EXERCISE AIM
Give back every entry exactly as it is written, but not the pictures.

_ _ _

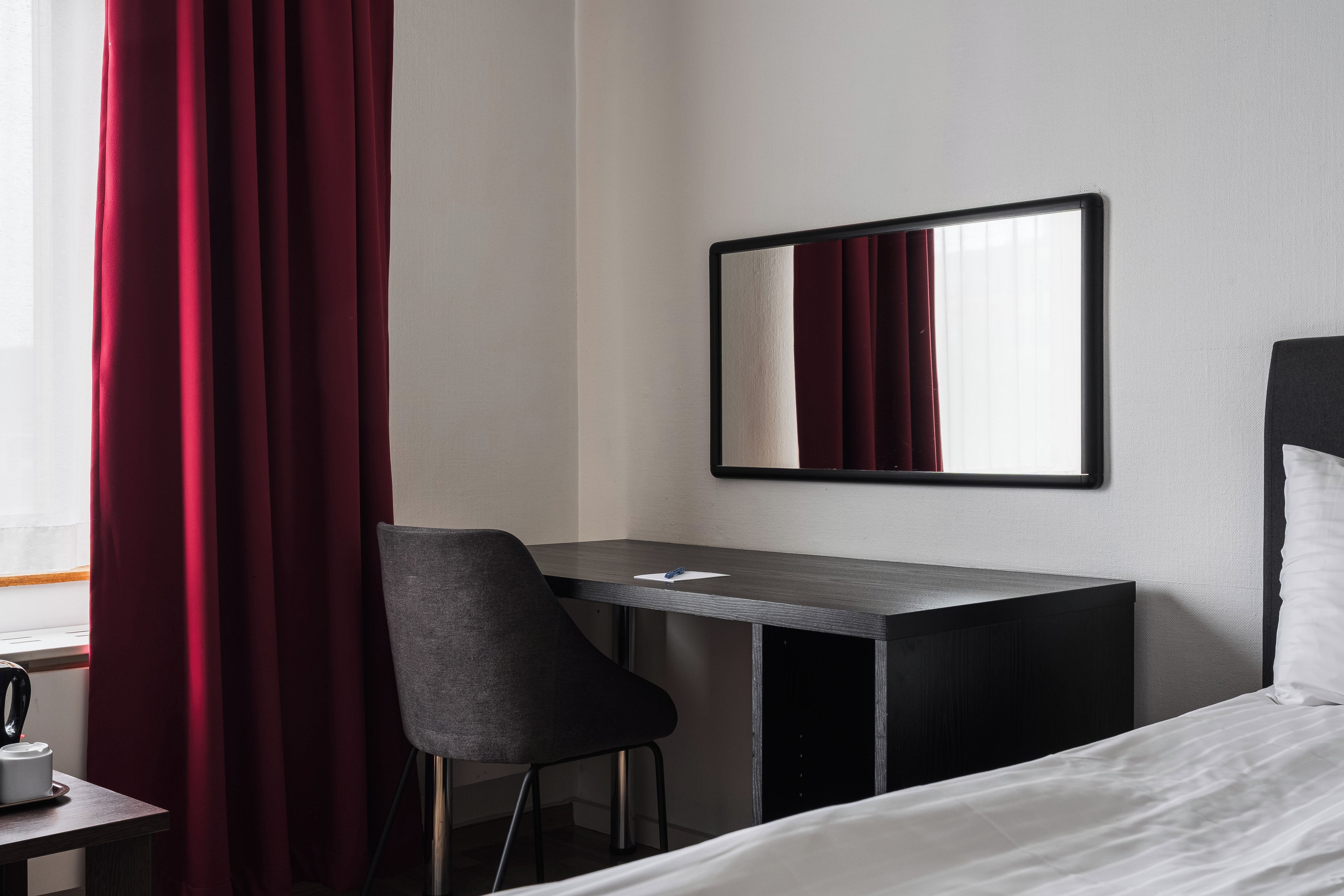 A hotel room with a desk, chair, and a bed.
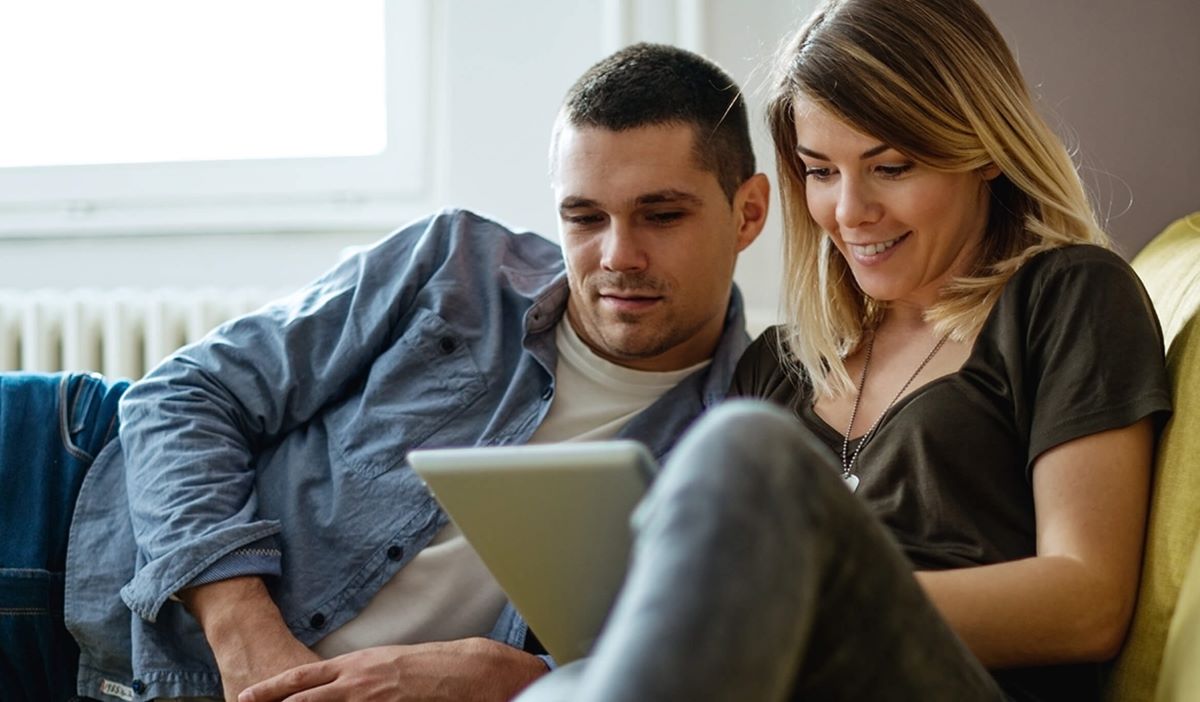 Couple looking at tablet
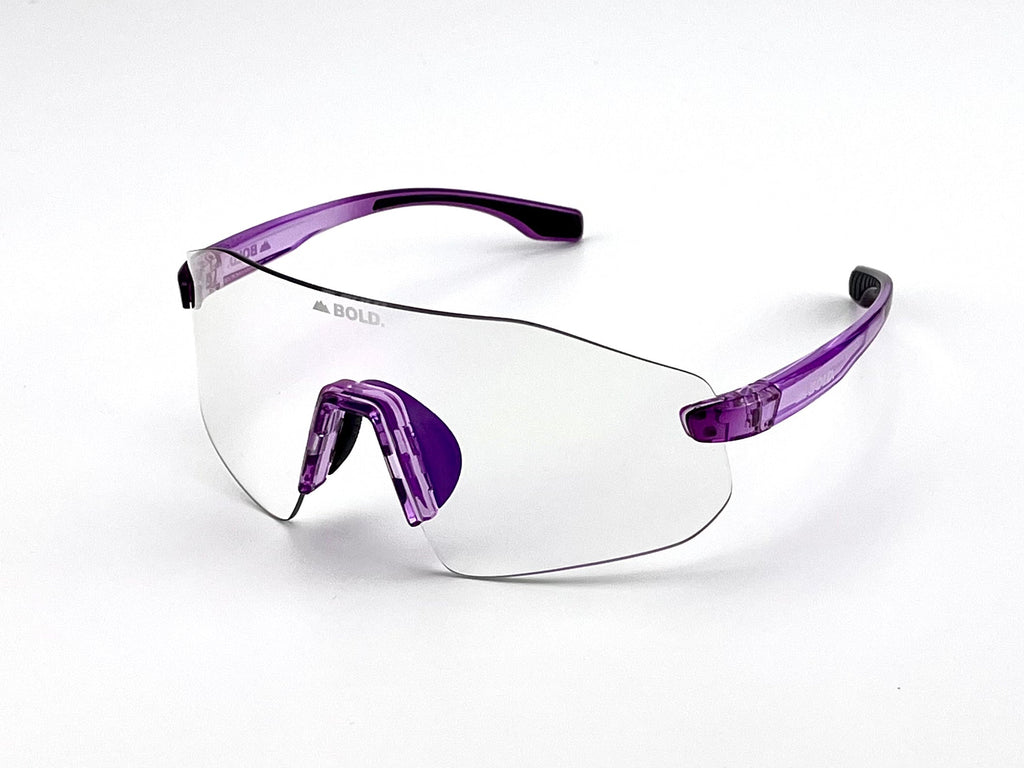 Boldouterwear BOLD Emerald photochromic sunglasses with green-tinted lenses and sleek frame, designed for outdoor use.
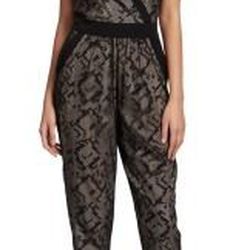 Kenneth Cole <a href="http://www.kennethcole.com/product/index.jsp?productId=23875876">Lace-Front Jumpsuit</a>, $228.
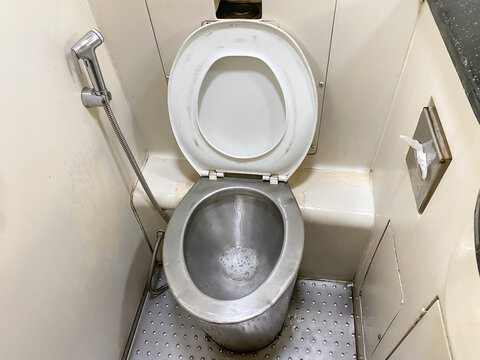 A stainless steel toilet that has just been used for urination and has not been flushed. Foamy urine in smelly public toilets on trains.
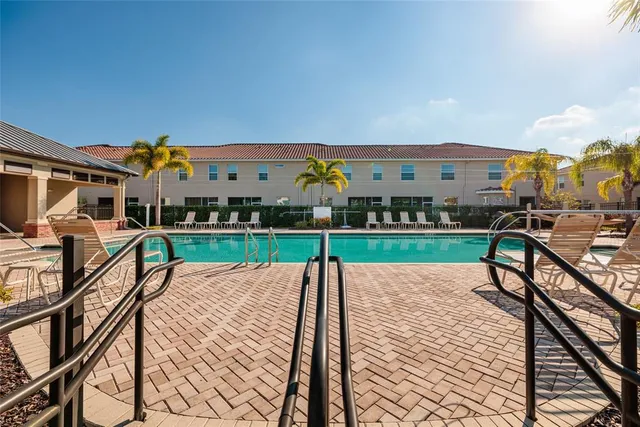 an aerial view of house with yard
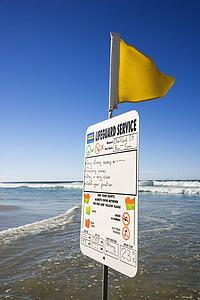 Sign and flag on beach in Surfers Paradise, Australia with lifeguard schedule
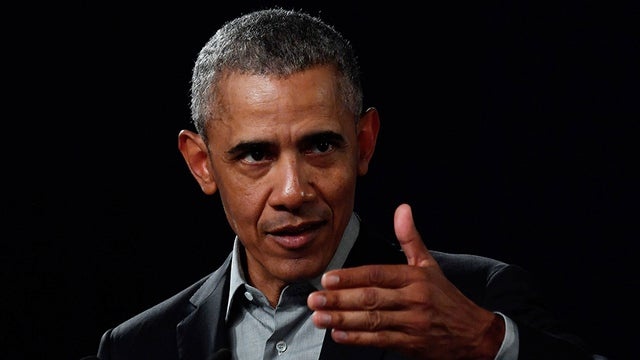 Barack Obama canh bao anh 1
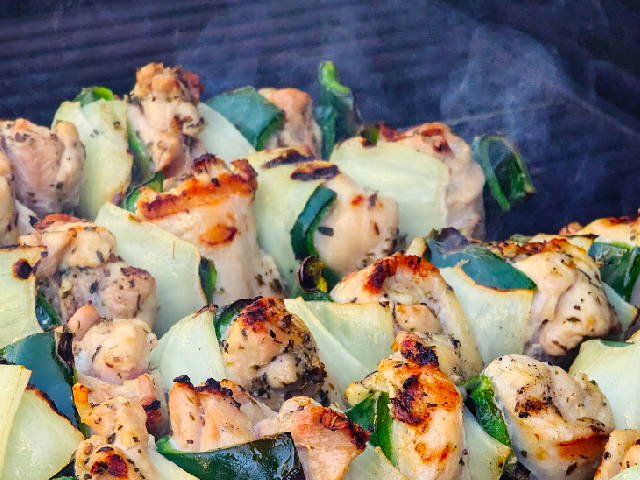 photo of chicken, peppers, and onion skewers on a smoking hot grill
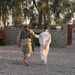 Sgt. 1st Class Perez escorts a detainee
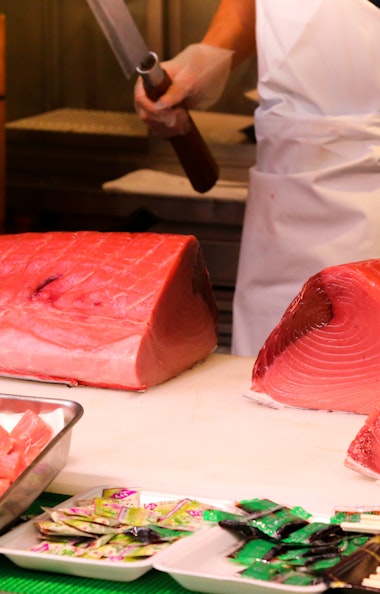 Man cutting fish Man cutting fish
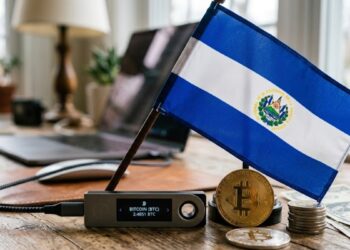 Una hardware wallet con bitcoin y la bandera de El Salvador sobre un escritorio.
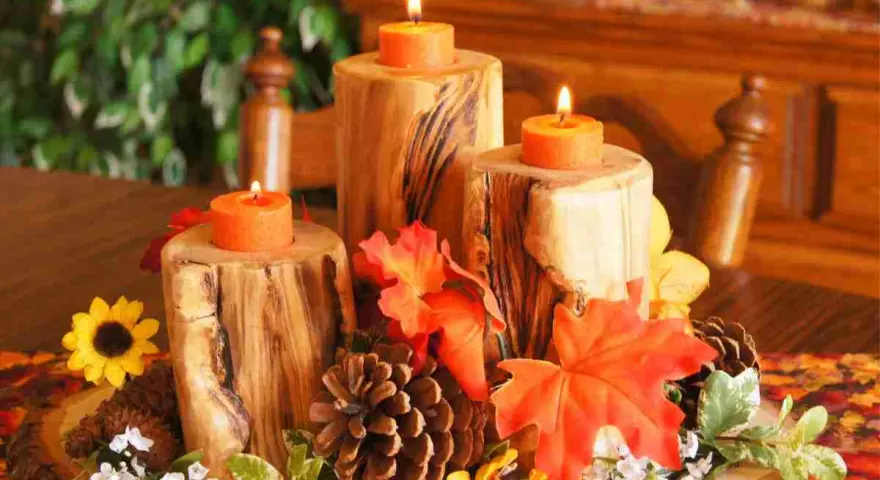 Un semplice centrotavola autunnale con tronchi di legno, candele arancioni, pigne e foglie colorate.
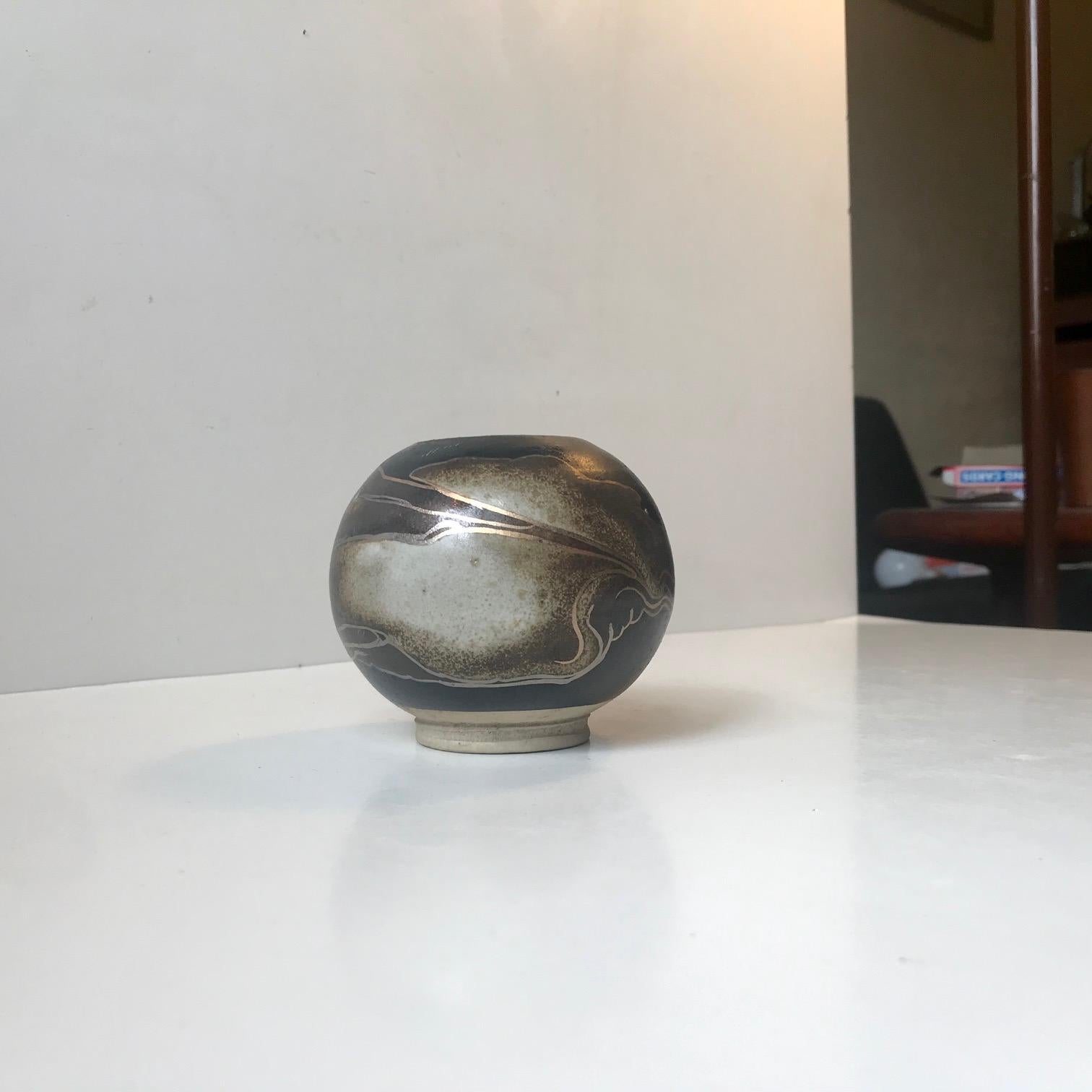Peter Sylvest has worked at both Royal Copenhagen and Michael Andersen in Denmark and has exhibited all-over the world. This small footed ball vase has a flowing abstract decor in earthy glaze sand is highlighted with gold and silver only. The vase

_ _ _

COMPLETED EXERCISE
 A hotel room with a desk, chair, and a bed.
 Couple looking at tablet
 Boldouterwear BOLD Emerald photochromic sunglasses with green-tinted lenses and sleek frame, designed for outdoor use.
 Kenneth Cole <a href="http://www.kennethcole.com/product/index.jsp?productId=23875876">Lace-Front Jumpsuit</a>, $228.
 A stainless steel toilet that has just been used for urination and has not been flushed. Foamy urine in smelly public toilets on trains.
 an aerial view of house with yard
 Sign and flag on beach in Surfers Paradise, Australia with lifeguard schedule
 Barack Obama canh bao anh 1
 photo of chicken, peppers, and onion skewers on a smoking hot grill
 Sgt. 1st Class Perez escorts a detainee
 Man cutting fish Man cutting fish
 Una hardware wallet con bitcoin y la bandera de El Salvador sobre un escritorio.
 Un semplice centrotavola autunnale con tronchi di legno, candele arancioni, pigne e foglie colorate.
Peter Sylvest has worked at both Royal Copenhagen and Michael Andersen in Denmark and has exhibited all-over the world. This small footed ball vase has a flowing abstract decor in earthy glaze sand is highlighted with gold and silver only. The vase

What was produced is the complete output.